Troubleshoot common issues in the Azure Cosmos DB for Apache Cassandra

APPLIES TO: Cassandra

The API for Cassandra in Azure Cosmos DB is a compatibility layer that provides wire protocol support for the open-source Apache Cassandra database.

This article describes common errors and solutions for applications that use the Azure Cosmos DB for Apache Cassandra. If your error isn't listed and you experience an error when you execute a supported operation in Cassandra, but the error isn't present when using native Apache Cassandra, create an Azure support request.

Note

As a fully managed cloud-native service, Azure Cosmos DB provides guarantees on availability, throughput, and consistency for the API for Cassandra. The API for Cassandra also facilitates zero-maintenance platform operations and zero-downtime patching.

These guarantees aren't possible in previous implementations of Apache Cassandra, so many of the API for Cassandra back-end operations differ from Apache Cassandra. We recommend particular settings and approaches to help avoid common errors.

NoNodeAvailableException

This error is a top-level wrapper exception with a large number of possible causes and inner exceptions, many of which can be client related.

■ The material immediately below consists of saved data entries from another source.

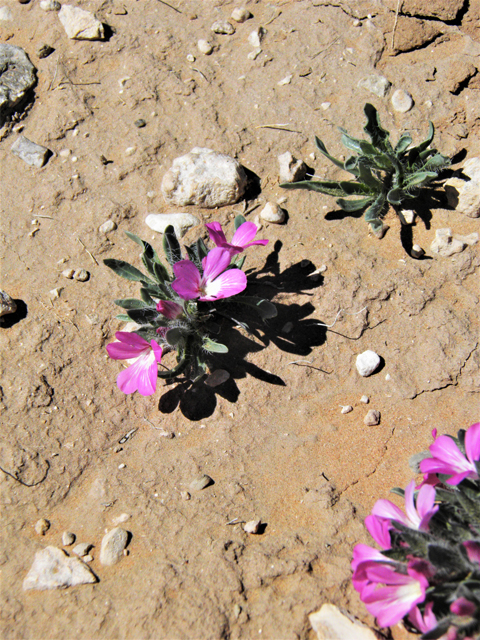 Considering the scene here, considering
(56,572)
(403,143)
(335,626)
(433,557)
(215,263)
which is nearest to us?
(433,557)

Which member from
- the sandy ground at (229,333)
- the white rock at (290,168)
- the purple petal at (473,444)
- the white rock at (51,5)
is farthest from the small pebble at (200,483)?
the white rock at (51,5)

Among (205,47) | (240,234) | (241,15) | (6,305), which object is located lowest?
(6,305)

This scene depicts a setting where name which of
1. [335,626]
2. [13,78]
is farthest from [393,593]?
[13,78]

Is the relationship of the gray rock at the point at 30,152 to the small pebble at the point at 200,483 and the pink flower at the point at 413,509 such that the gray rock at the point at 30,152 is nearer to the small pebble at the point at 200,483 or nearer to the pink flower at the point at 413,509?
the small pebble at the point at 200,483

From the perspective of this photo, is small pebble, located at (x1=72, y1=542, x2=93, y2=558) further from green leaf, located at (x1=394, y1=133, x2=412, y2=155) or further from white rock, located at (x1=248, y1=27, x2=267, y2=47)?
white rock, located at (x1=248, y1=27, x2=267, y2=47)

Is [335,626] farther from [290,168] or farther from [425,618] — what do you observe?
[290,168]

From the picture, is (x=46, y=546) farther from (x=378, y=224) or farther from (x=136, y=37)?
(x=136, y=37) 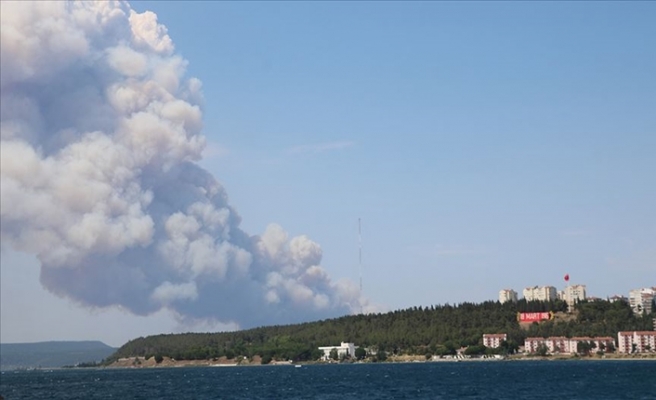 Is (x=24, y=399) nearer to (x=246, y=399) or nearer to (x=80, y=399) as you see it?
(x=80, y=399)

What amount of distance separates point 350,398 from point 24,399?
70.0m

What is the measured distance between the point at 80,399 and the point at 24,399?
16244 mm

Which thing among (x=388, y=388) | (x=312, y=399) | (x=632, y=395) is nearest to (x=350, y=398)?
(x=312, y=399)

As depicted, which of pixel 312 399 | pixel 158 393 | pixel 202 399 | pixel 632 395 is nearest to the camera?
pixel 632 395

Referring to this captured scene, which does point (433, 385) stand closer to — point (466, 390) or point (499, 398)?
point (466, 390)

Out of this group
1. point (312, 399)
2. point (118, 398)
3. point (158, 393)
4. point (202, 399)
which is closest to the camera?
point (312, 399)

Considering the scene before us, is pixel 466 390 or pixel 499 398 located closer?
pixel 499 398

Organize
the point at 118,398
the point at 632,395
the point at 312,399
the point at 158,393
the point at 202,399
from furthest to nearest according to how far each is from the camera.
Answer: the point at 158,393
the point at 118,398
the point at 202,399
the point at 312,399
the point at 632,395

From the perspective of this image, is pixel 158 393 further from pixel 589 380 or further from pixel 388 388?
pixel 589 380

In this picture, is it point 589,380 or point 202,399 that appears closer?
point 202,399

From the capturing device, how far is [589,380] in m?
192

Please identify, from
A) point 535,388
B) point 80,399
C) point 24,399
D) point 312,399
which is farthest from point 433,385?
point 24,399

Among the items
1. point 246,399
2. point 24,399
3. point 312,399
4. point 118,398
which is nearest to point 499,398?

Common causes and solutions:

  • Idle timeout of Azure LoadBalancers: This issue might also manifest as ClosedConnectionException. To resolve the issue, set the keep-alive setting in the driver (see Enable keep-alive for the Java driver) and increase keep-alive settings in your operating system, or adjust idle timeout in Azure Load Balancer.

  • Client application resource exhaustion: Ensure that client machines have sufficient resources to complete the request.

Can't connect to a host

You might see this error: "Cannot connect to any host, scheduling retry in 600000 milliseconds."

This error might be caused by source network address translation (SNAT) exhaustion on the client side. Follow the steps at SNAT for outbound connections to rule out this issue.

The error might also be an idle timeout issue where the Azure load balancer has four minutes of idle timeout by default. See Load balancer idle timeout. Enable keep-alive for the Java driver and set the keepAlive interval on the operating system to less than four minutes.

See troubleshoot NoHostAvailableException for more ways of handling the exception.

OverloadedException (Java)

Requests are throttled because the total number of request units consumed is higher than the number of request units that you provisioned on the keyspace or table.

Consider scaling the throughput assigned to a keyspace or table from the Azure portal (see Elastically scale an Azure Cosmos DB for Apache Cassandra account) or implementing a retry policy.

For Java, see retry samples for the v3.x driver and the v4.x driver. See also Azure Cosmos DB Cassandra Extensions for Java.

OverloadedException despite sufficient throughput

The system seems to be throttling requests even though enough throughput is provisioned for request volume or consumed request unit cost. There are two possible causes:

  • Schema level operations: The API for Cassandra implements a system throughput budget for schema-level operations (CREATE TABLE, ALTER TABLE, DROP TABLE). This budget should be enough for schema operations in a production system. However, if you have a high number of schema-level operations, you might exceed this limit.

    Because the budget isn't user-controlled, consider lowering the number of schema operations that you run. If that action doesn't resolve the issue or it isn't feasible for your workload, create an Azure support request.

  • Data skew: When throughput is provisioned in the API for Cassandra, it's divided equally between physical partitions, and each physical partition has an upper limit. If you have a high amount of data being inserted or queried from one particular partition, it might be rate-limited even if you provision a large amount of overall throughput (request units) for that table.

    Review your data model and ensure you don't have excessive skew that might cause hot partitions.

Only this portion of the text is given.